I did however ignore his rantings because I don't trust ditching the heat exchanger and I'm not looking to get the IAT "chilly" as much as I am trying to keep it from getting hot.

I just need it to not get into deep triple digits and I'm more concerned with the steady state performance than some sorta of stored, build up max chill at the drag strip.

So I plumbed the system in sequence. I have an ice tank (no ice) in the rear for more fluid capacity (more heat sink) with a PB400 pump that pushes coolant forward, through the blower/intercooler, from there it goes to the heat exchanger, from the heat exchanger it goes to through the chiller and then from the chiller back to the reservoir.

In this setup, if the discharge from the blower is cooler than ambient temps, then the heat exchangers actually HEATS the coolant. In most loaded situations, the discharge from the blower is above ambient, so the heat exchanger serves it's original purpose, just at reduced temps.

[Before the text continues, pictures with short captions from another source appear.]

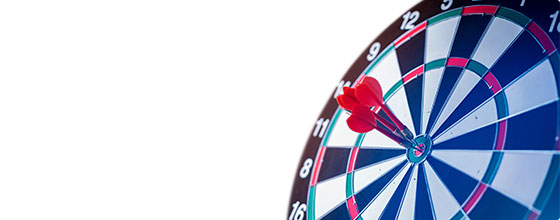 Our <strong>Projects</strong>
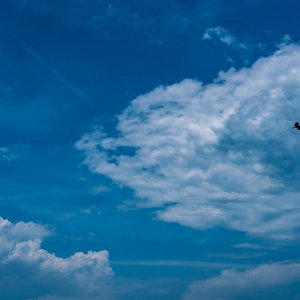 Flying black kite in the blue sky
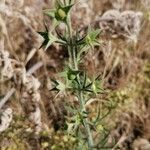 Teucrium pseudochamaepitys Fruchs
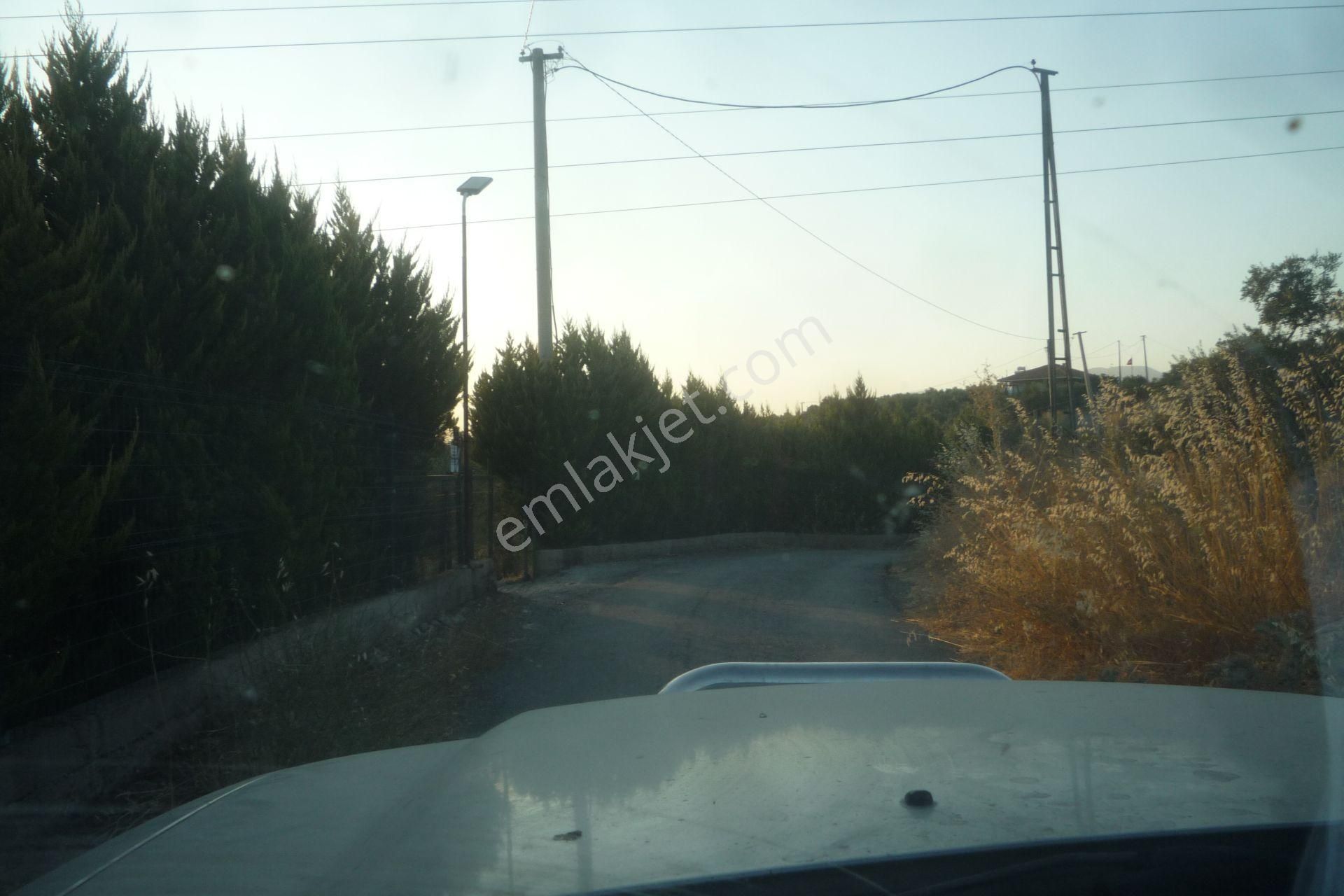 İzmir Torbalı Gold Emlaktan Satılık Harika Bakımlı Zeytinlik - Görsel 17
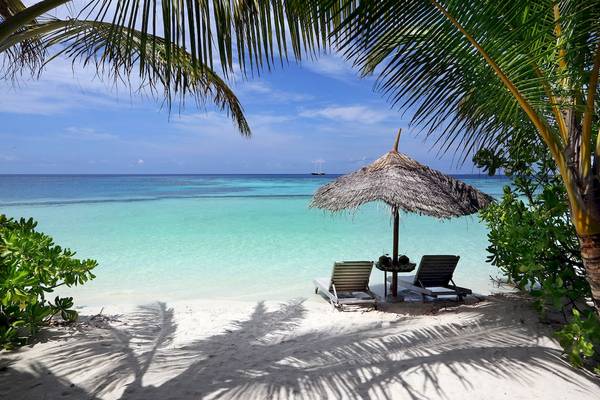 Strand mit Sonnenliegen und Schirm auf dem Gangehi Island Resort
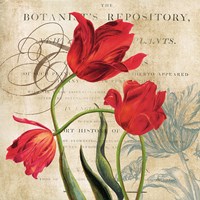 Botanist's Repository Framed Print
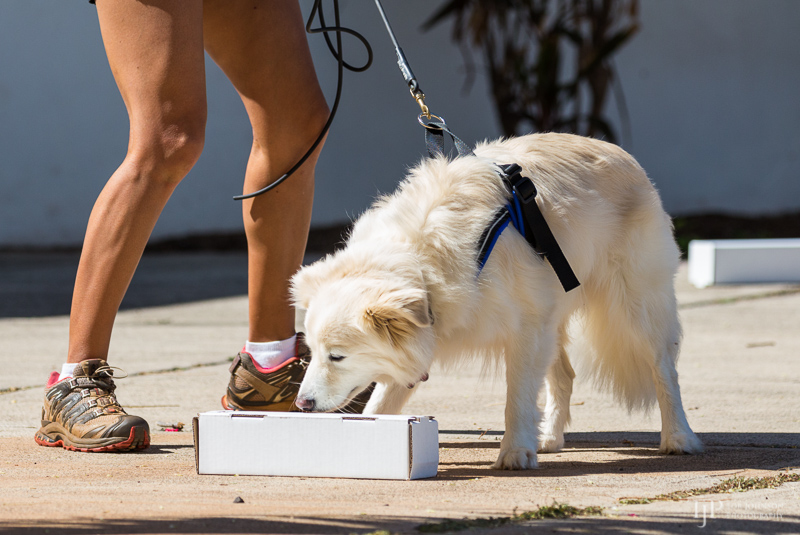 Image Name: _23A6773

In this configuration, if the A/C system takes a shit, then my car simply returns back to a traditional heat exchanger setup. That way I'm not stuck on long trips if the compressor craps out or the compressor clutch, etc (which I've had happen).

To minimize temps, they want to eliminate the H/E and the more stored solution is a loop to/from the reservoir and a loop to and from the reservoir to the blower.

I considered having a middle ground and doing a loop to/from the reservoir and the chiller and then just have my normal loop from the reservoir-blower-h/e-back to reservoir, but this would require running two pumps and I'm already over budget on electrical load with a modest radio amp and fuel system. So I elected to go with a single serial loop.

If electrical loads weren't an issue I'd have done the split loop.

IN their recommended configuration, the chiller tries to super cool the fluid under low load conditions and then when you mash, the fluid going to the blower is cooler. This is why they don't want the H/E because again, in low load, if the fluid comes out of the intercooler at lower than ambient, the H/E actually adds heat back.

So in the end, it's all about a combination of what risks you're willing to accept.

I also don't really like the operational/power configuration and I may update that in the future. The way it is right now is that the A/C system operates the chiller all the time and the interior cabin A/C some of the time. I would rather have full flexibility to turn both branches off or turn one or the other on or both. But living in FL, it's not the end of the world because I don't drive the car in conditions where I would want to cut the A/C all that often (it can damage it if you try to run it in too cold of temps) and I don't go to the drag strip (despite claims, I'm really worried that even with all the insulation and shielding that the car will still drip on the track if it's really hot/humid even with the cabin loop cutoff).